Just for those who are thinking about "knowing" their data division before
they get to the Procedure Division - please do think (in advance) of the
implications of GLOBAL data on a nested program.  I *think* that what you are
talking about will still work with this - but did think I should alert you to
those issues before you go off on a "dead-end" path.

Bill Klein
  wmklein <at> ix.netcom.com

> -----Original Message-----
> From: owner-gnu-cobol@wallace.lusars.net
> [mailto:owner-gnu-cobol@wallace.lusars.net]On Behalf Of Tim Josling
> Sent: Sunday, December 26, 1999 11:30 PM
> To: gnu-cobol@lusars.net
> Subject: Re: gnubol: Problem 10
>
>
> RKRayhawk@aol.com wrote:
> > ...
> >
> > If the data division is parsed completely first, then
> > the lexer (or a filter) can manifest a generic name as a data_name
> > or procedure_name (or atleast not_data_name), so where is
> > the ambiguity?  In the two perform format groups?
> >
>
> In effect this is what I do, but not in the suggested manner. You
> are suggesting I change the identifier token or group of tokens
> rather than the PERFORM token.
>
> I will think about this. My reasons from memory were that I was
> not happy the symbol table was incomplete so I wanted to have the
> syntax do as much work as it could because there may be cases
> where a data name and a procedure name coincide. But I have not
> thought it through fully.
>
> > ...
> > the optional WITH TEST BEFORE |
> > AFTER should not be buried down inside of the optional UNTIL clause.
>
> It probably just evolved that way. I vaguely remember a problem
> with a RR conflict.
>
> > In such competitive pairs it is the one with the %prec
> > PREC_YIELD_TO_something that carries the warning message about scope
> > termination.  This is easiest in the inline perform.
> >
> > You need that much sophistication to deal with coding errors where
> > END-PERFORM is left out.  Implicit scope termination of inline perform is
> > simple.
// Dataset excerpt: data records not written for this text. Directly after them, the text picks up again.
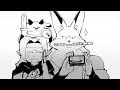 Perception Check as a JRPG Animatic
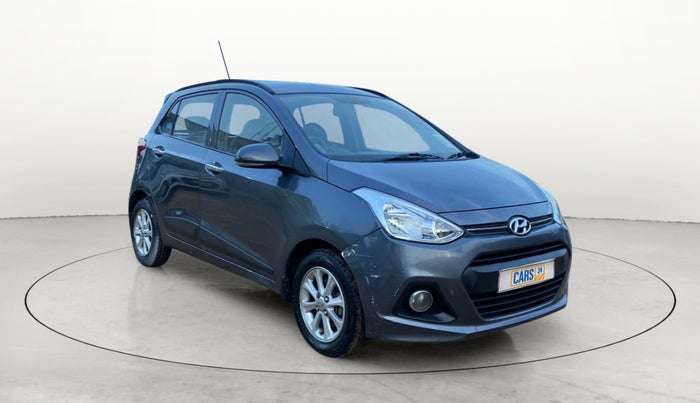 2015 Hyundai Grand i10 ASTA 1.2 KAPPA VTVT, Petrol, Manual, 63,179 km, SRP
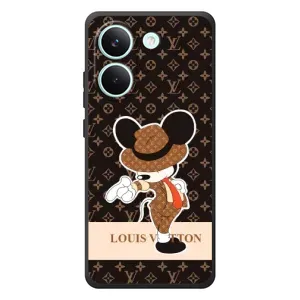 Чехол Disney Mouse Xiaomi Poco X8 Pro (PREMIUMPrint) (Микки Джексон)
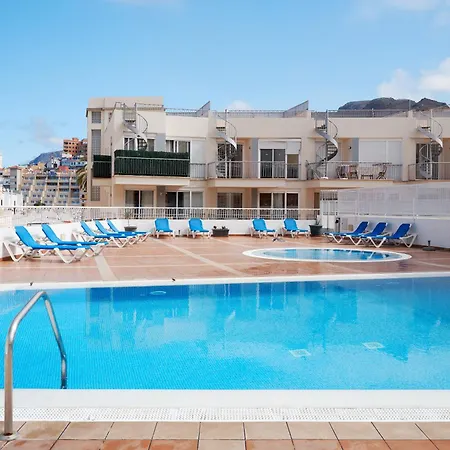 Apartamento Oasis De Lia -puerto Santiago Puerto de Santiago (Tenerife)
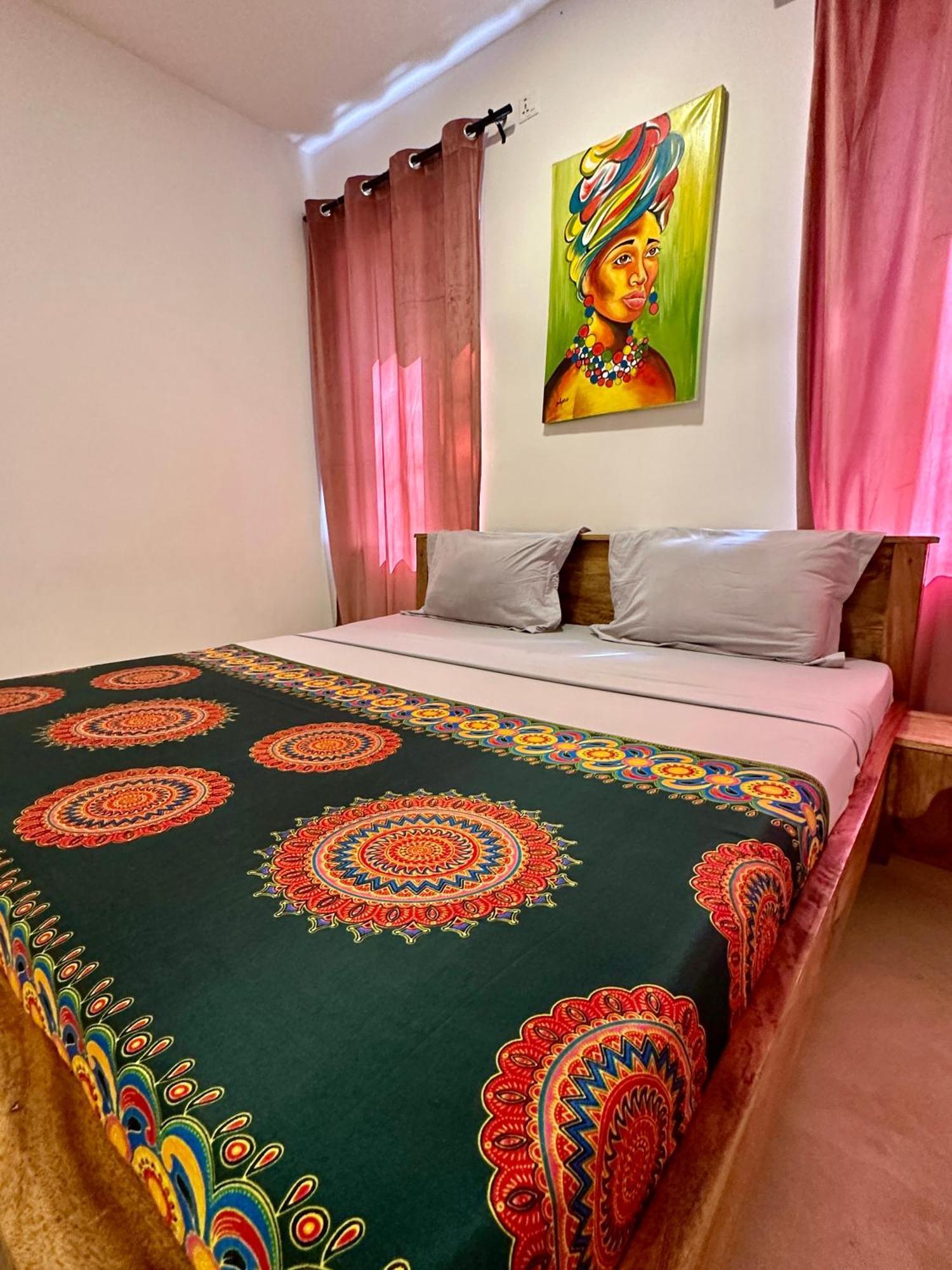 Sand Beach Boutique Apartments Bwejuu Exterior foto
It is the illuminating case.
> >
>
> This may be a good idea. I have added a note to the grammar to
> try this out.
>
> > --------
> > Now on the other-hand trapping erroneous END-PERFORM where they do _not_
> > belong is not so easy. ... But if I am not mistaken, I
> > saw at least one post that claimed a current product actually allows
> > END-PERFORM on perform procedure name format statements: which raises a
> > miniature codebase issue.
>
>
> They must have an algorithm something like:
>
> if I find an end-perform, and it doesn't belong to any perform
> that should have it or it could belong to one and he already has
> an end-perform, then try and pair it to a perform that should not
> have an end-perform! Or is there a simpler way?